When a job is intended for launching, run passes the selection information to shepard on the selected host, and then adds the new job to the origin machine's .current file with status STARTED. At this point run is no longer involved with the process.

When it's invoked by run, shepard creates a lock file, .sheplock. .sheplock forces all other invocations of shepard to wait and also insures sole access of all control files by shepard. .sheplock's control extends through the invocation of shepard_queue. shepard passes the information to shepard_queue, which places the job in the .waiting file and gives the job the highest priority value for that script so that the newly submitted job will be the last one to execute. The origin machine's .current file is updated to status WAITING.

shepard_queue checks the job count of a particular script against the maximum job count in .limits and proceeds to execution if below, or exits, leaving the job enqueued. To execute the job, the script shepard_exec is passed all the relevant job information and submitted as a background process. The job is removed from .waiting and placed in .running with the process ID (pid) by shepard_exec. If the job fails it is placed in .restart. The .current file on the origin machine is updated to status RUNNING. shepard_ queue returns to shepard, removes the lock, and exits. A log of all activities is maintained so that the user can later determine what happened.

shepard_queue sources an application-specific file, which in this case is bmin31lv.script.

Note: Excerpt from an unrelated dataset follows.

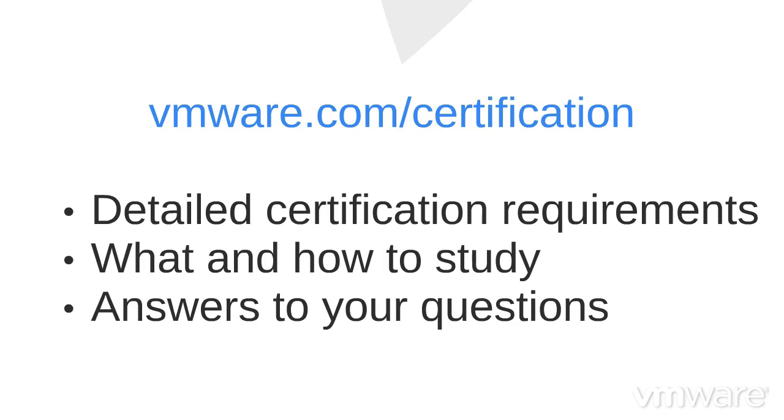Visit our website for more details on requirements, what and how to study, and answers to other questions you may have. Thanks for watching, and good luck on your VMware certifications!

This file defines the generic shell variables in shepard_exec for the specifics of the application. (The use of shell variables to represent the various file extensions makes the basic shepard_exec more flexible.) Data is moved by bmin31lv getdata, which is defined in $getdata_script. The application is executed with the assumption that it needs a standard input, and generates output to standard output and standard error. bmin31lv takes its command input via the standard input from bmintest.com, and generates run output via standard output to bmintest.log. It also uses bmintest.dat, which is moved along with bmintest.com into the execution environment. bmin31lv also generates a bmintest.out, which is returned to the origin machine. The output files are moved back across the network using the script bmin31lv.putdata, which is defined in $putdata_script. From the user's point of view, all of the requisite files are named, created, and moved based only on the application script and the dataset name; the specifics are buried in the scripts.

Upon completion of this process, shepard_exec calls shepard with the -z option. shepard_exec may have to wait while other processes (such as run) and other completing jobs execute shepard. Once in control, the job is removed from .running and placed in .finished. The origin machine's .current is updated to DONE, the log files are updated, and the job passes into history. shepard_queue is invoked with the -q option to check for waiting jobs, and launch if possible. The final act is to remove .sheplock.

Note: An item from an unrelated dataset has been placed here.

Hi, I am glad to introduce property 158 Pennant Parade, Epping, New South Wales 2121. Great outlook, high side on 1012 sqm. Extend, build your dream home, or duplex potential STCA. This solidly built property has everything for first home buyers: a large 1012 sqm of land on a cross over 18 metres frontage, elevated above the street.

A different example is the killing of a running job. When the kill task is selected in run, shepard is called on the selected host. Once control is established, a menu of running jobs is generated from .running and control is returned to run. The job to be killed is selected by its entry number. shepard is again invoked, and now passes the selection number of the job as the fifth argument. shepard looks up the pid of the selected job, and kills the script associated with that pid. The process listing is searched for child processes (which in this case is the application) and the child processes are also killed. The job is removed from .running and the log files are updated. Control passes back to run.

From the user's point of view, the shepard system achieves its goals of simplifying the network management of jobs, and tells the user which jobs are located where, based upon what is important: the application and the dataset. A benefit of the queue system is that numbers of jobs can be left pending (and easily managed) without fear of "choking" the system if they're improperly enqueued or if they're blocking other types of jobs.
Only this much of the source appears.